▶ _Records for this exercise_
————
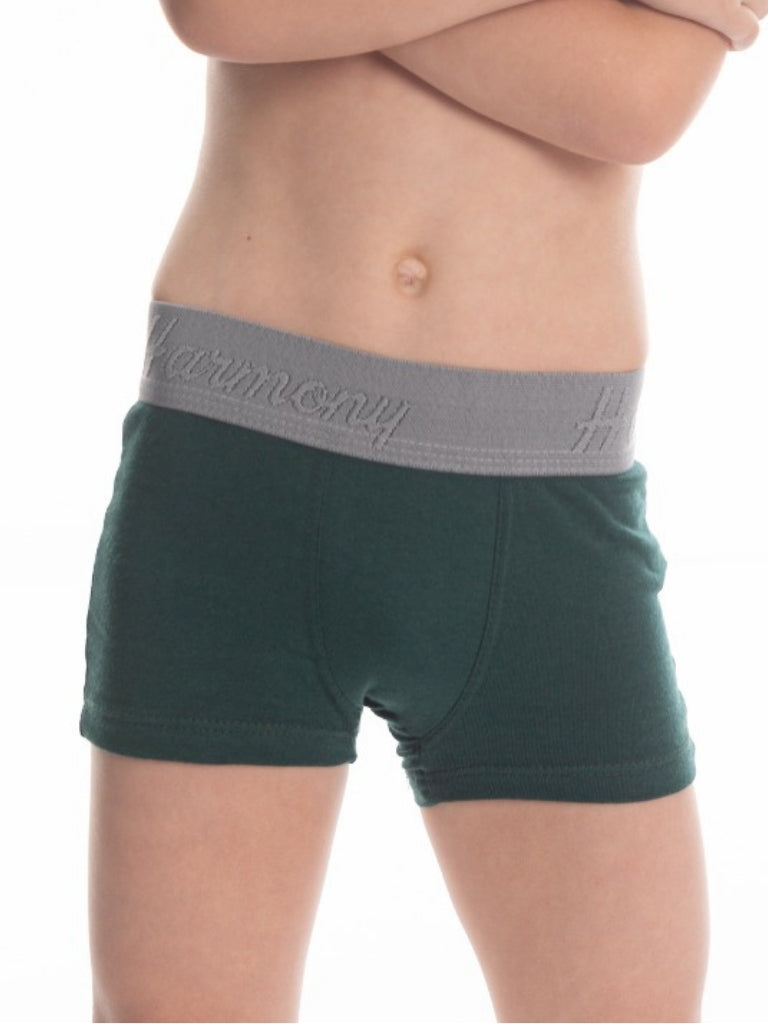 Cueca Boxer Infantil Cotton Verde Harmony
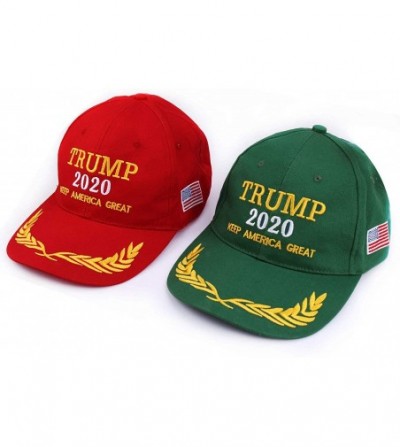 Baseball Caps Donald Trump 2020 Keep America Great Slogan USA Flag Cap Adjustable Baseball Hats - Green - CS18QWHCDTZ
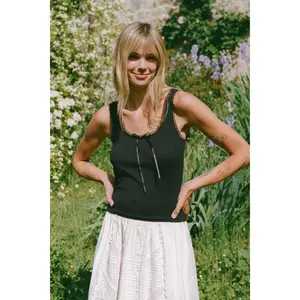 The Tara Tank | Noir Regenerative Pointelle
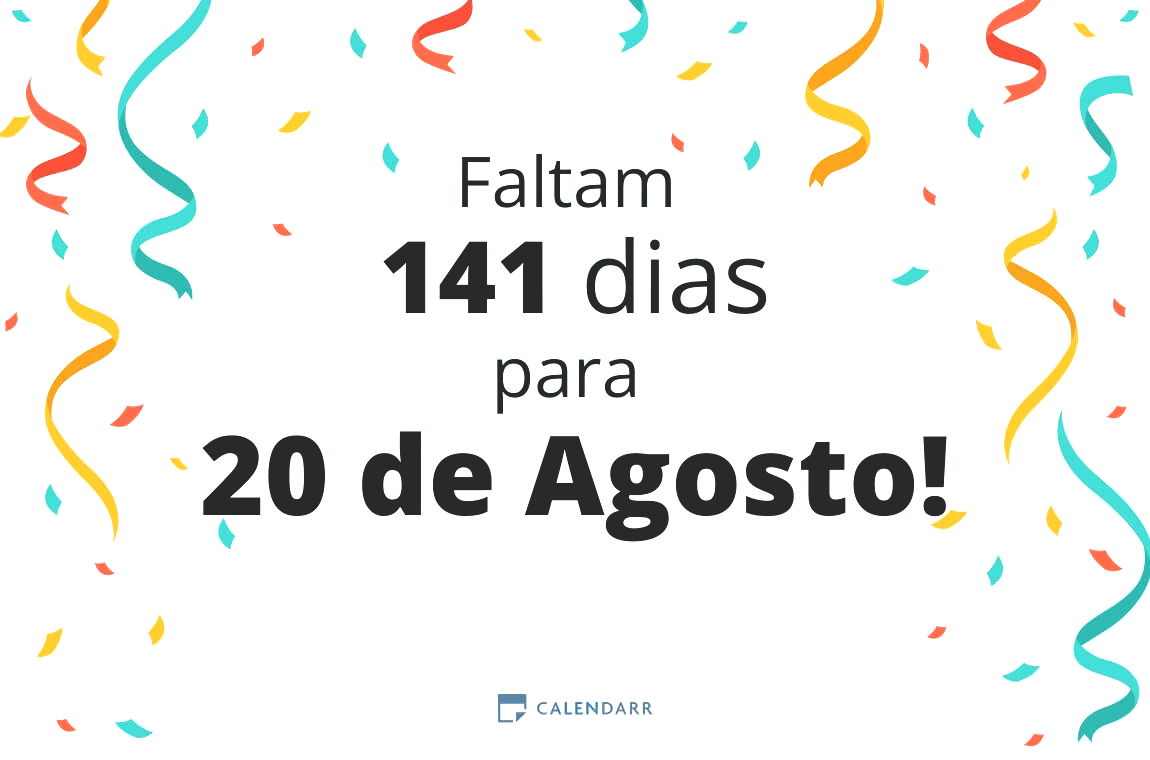 Descubra quantos dias faltam para 20 de Agosto - Calendarr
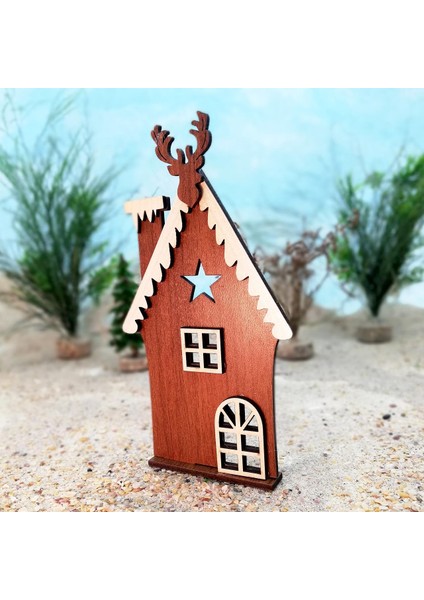 Yılbaşı Süsleri Ahşap Mdf Ev (6 Adet) Kahverengi - 41003
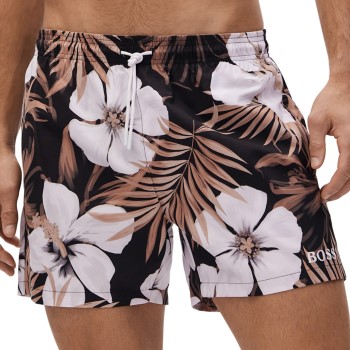 BOSS Turtle Recycled Swim Shorts Badebukser Sort mønstret polyester Large Herre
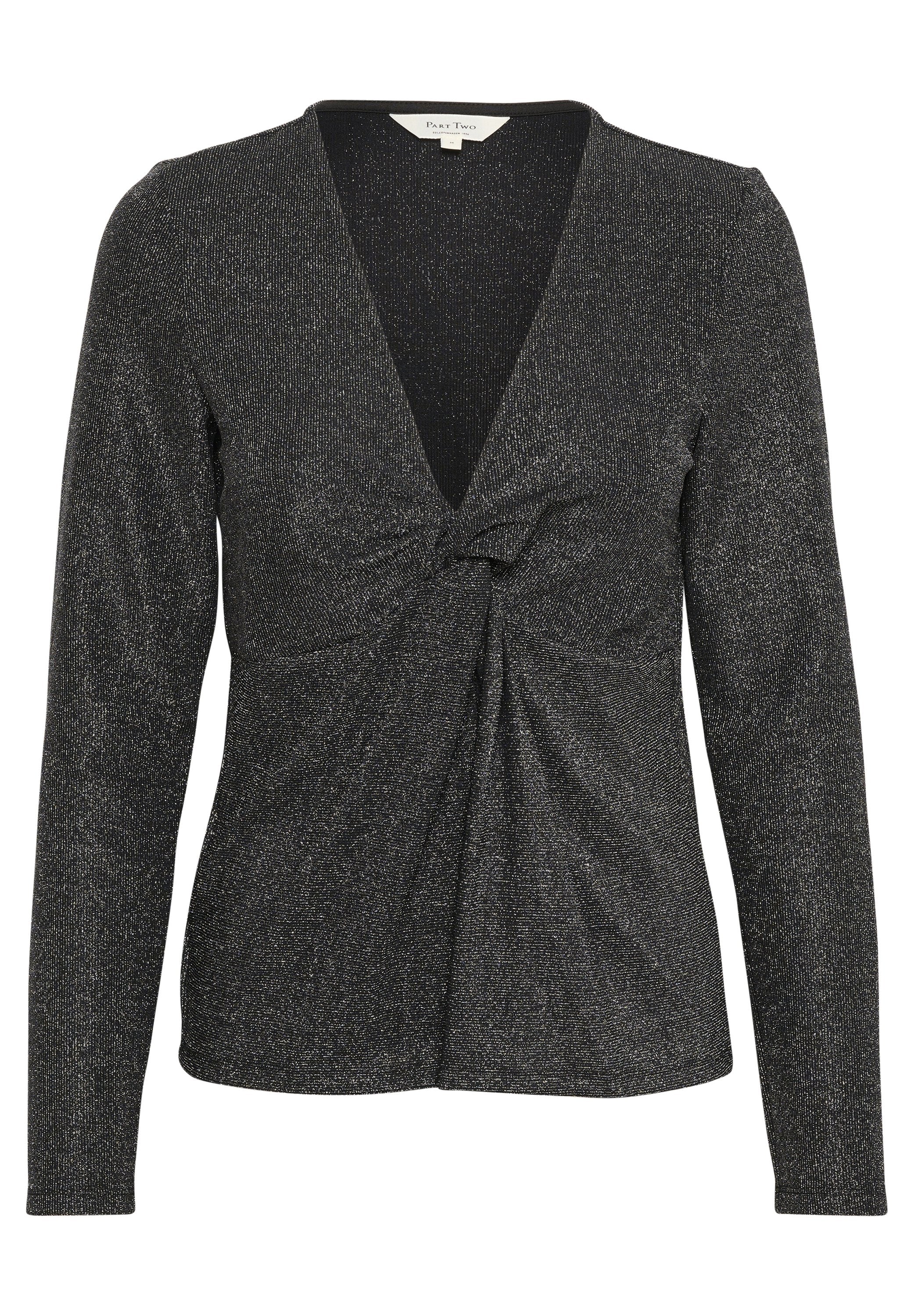 Schwarzes Langarmoberteil mit tiefem V-Ausschnitt und verdrehter Knoten-Details an der Taille. Hergestellt aus einem strukturierten, schimmernden Stoff.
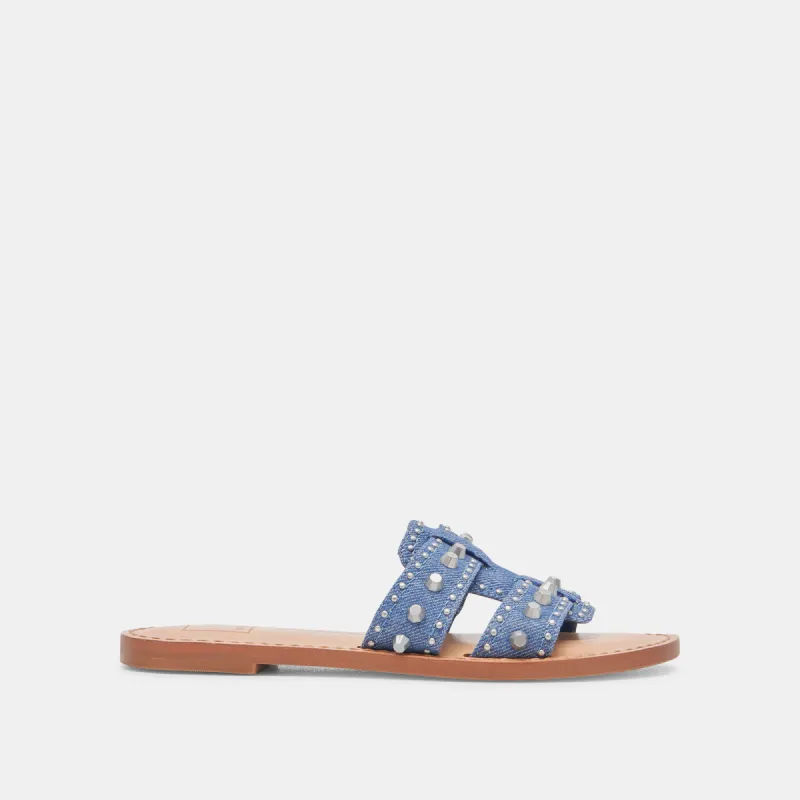 WESLA STUD SANDALS BLUE DENIM sold by Dolce Vita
————
▶ _Instructions for the task_
Set down the material above exactly as it reads, but not its pictures.

▶ _Task output_
 Cueca Boxer Infantil Cotton Verde Harmony
 Baseball Caps Donald Trump 2020 Keep America Great Slogan USA Flag Cap Adjustable Baseball Hats - Green - CS18QWHCDTZ
 The Tara Tank | Noir Regenerative Pointelle
 Descubra quantos dias faltam para 20 de Agosto - Calendarr
 Yılbaşı Süsleri Ahşap Mdf Ev (6 Adet) Kahverengi - 41003
 BOSS Turtle Recycled Swim Shorts Badebukser Sort mønstret polyester Large Herre
 Schwarzes Langarmoberteil mit tiefem V-Ausschnitt und verdrehter Knoten-Details an der Taille. Hergestellt aus einem strukturierten, schimmernden Stoff.
 WESLA STUD SANDALS BLUE DENIM sold by Dolce Vita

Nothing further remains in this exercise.